───── Extracted information
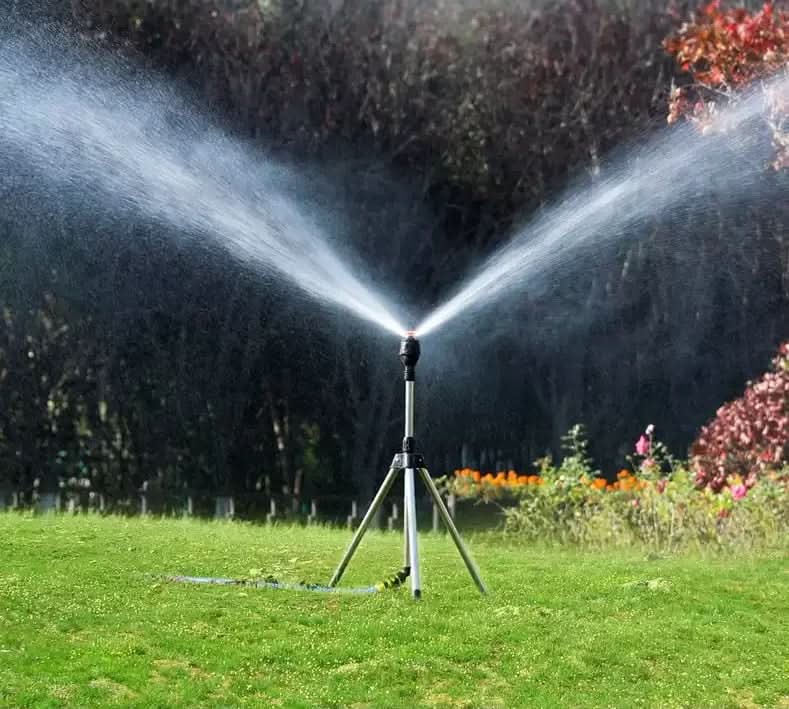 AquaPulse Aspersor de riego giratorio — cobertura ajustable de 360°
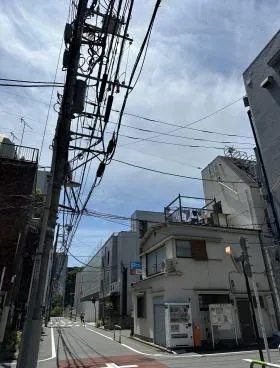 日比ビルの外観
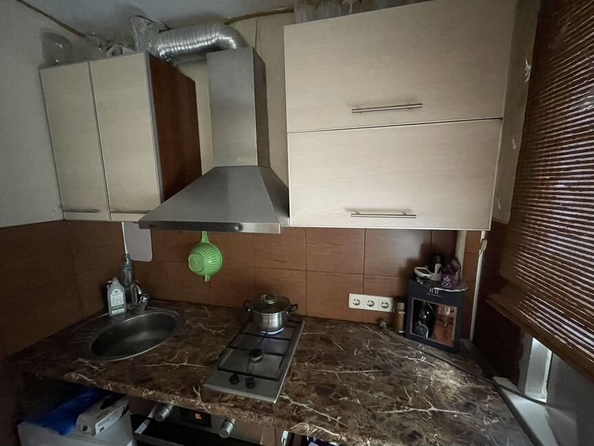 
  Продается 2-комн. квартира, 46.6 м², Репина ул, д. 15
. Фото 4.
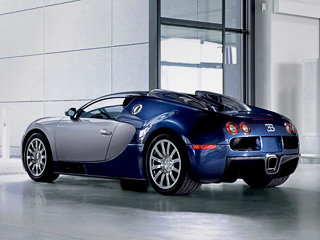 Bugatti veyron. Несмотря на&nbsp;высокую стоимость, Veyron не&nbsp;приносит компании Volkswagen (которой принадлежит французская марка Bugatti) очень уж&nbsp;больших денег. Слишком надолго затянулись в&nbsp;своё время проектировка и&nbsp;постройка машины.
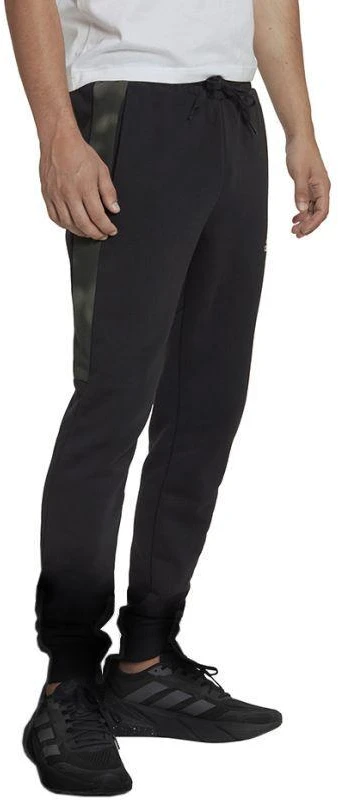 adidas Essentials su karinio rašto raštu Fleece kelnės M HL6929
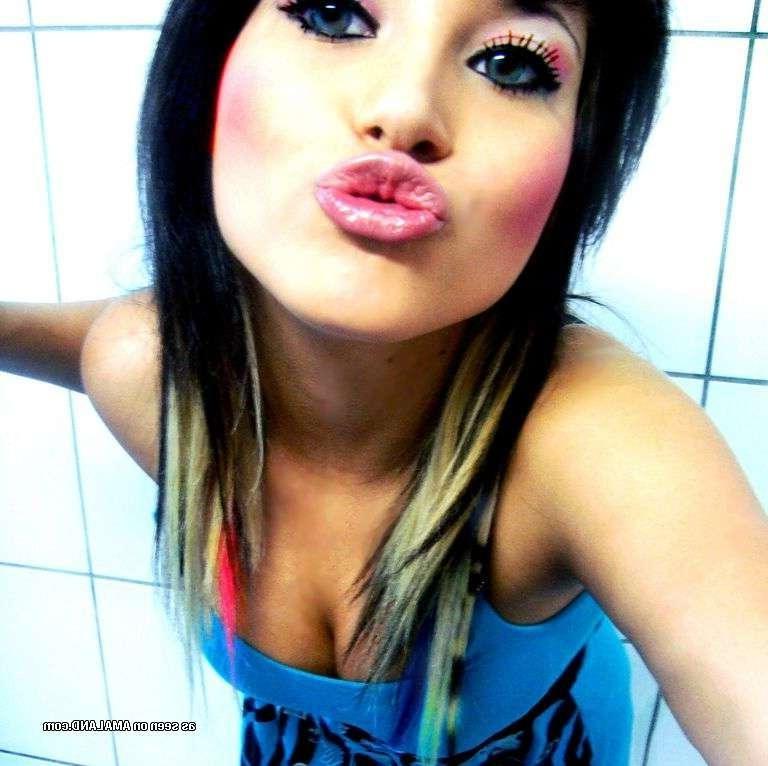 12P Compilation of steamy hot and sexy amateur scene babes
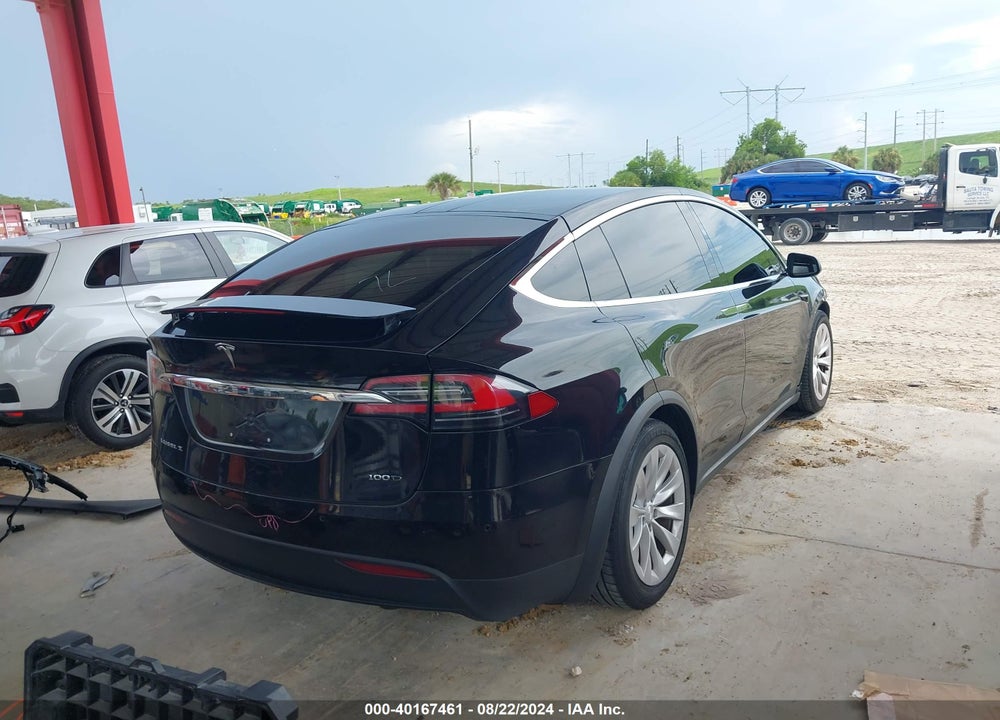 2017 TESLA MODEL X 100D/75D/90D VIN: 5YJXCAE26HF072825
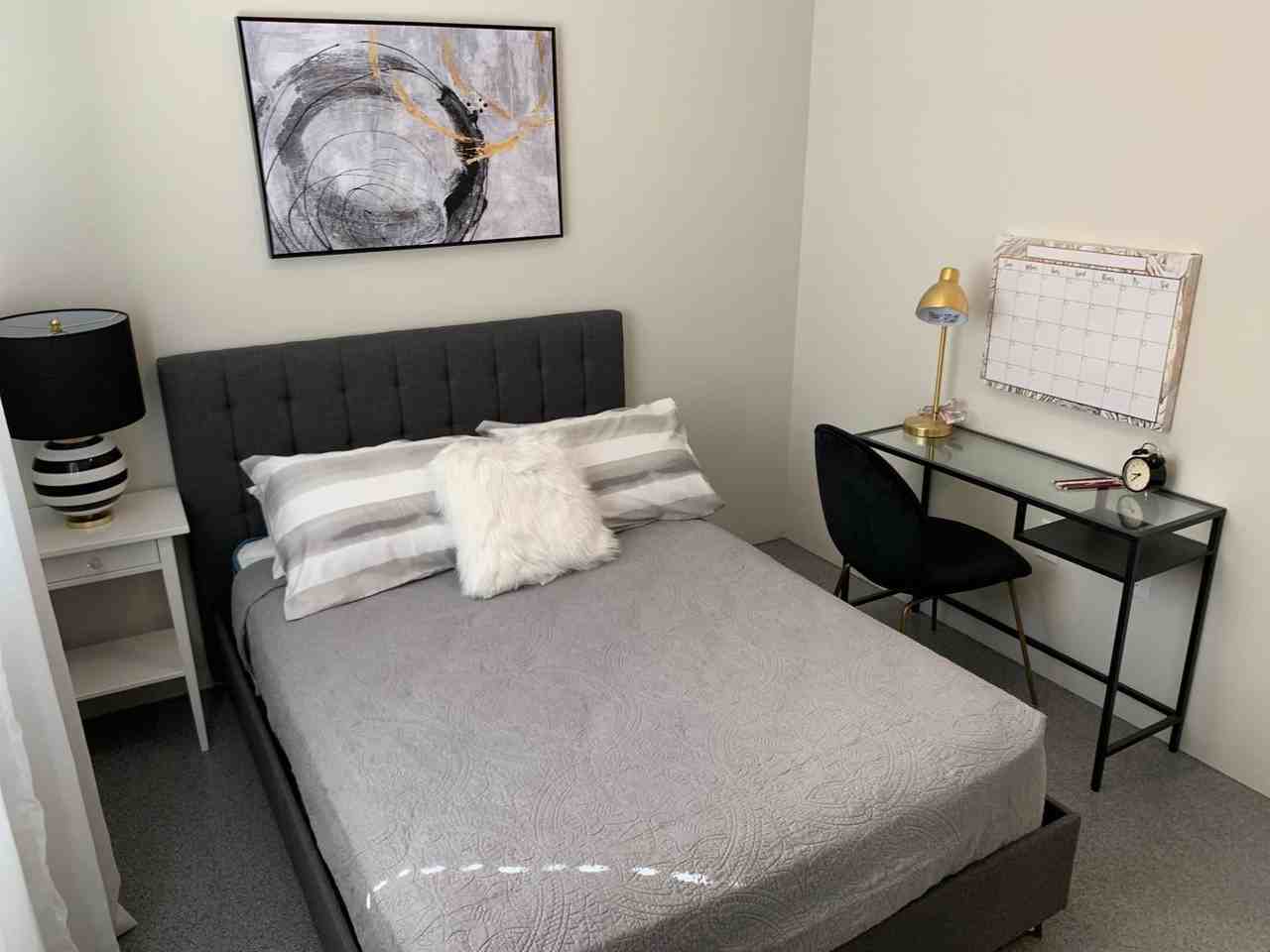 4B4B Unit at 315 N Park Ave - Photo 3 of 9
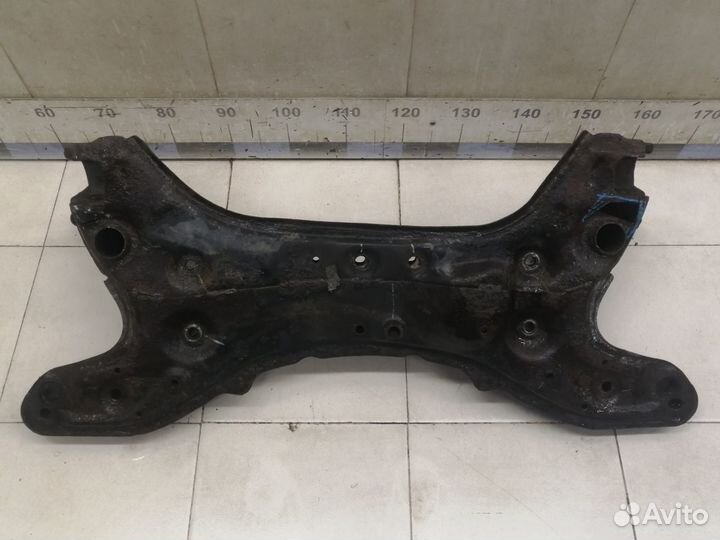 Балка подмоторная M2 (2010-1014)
──────────
= Problem =
Nothing except the lines from the one containing "Bugatti veyron. Несмотря" through the one containing "12P Compilation of" should appear in the answer, exactly as above and without pictures.

= Answer box =
 Bugatti veyron. Несмотря на&nbsp;высокую стоимость, Veyron не&nbsp;приносит компании Volkswagen (которой принадлежит французская марка Bugatti) очень уж&nbsp;больших денег. Слишком надолго затянулись в&nbsp;своё время проектировка и&nbsp;постройка машины.
 adidas Essentials su karinio rašto raštu Fleece kelnės M HL6929
 12P Compilation of steamy hot and sexy amateur scene babes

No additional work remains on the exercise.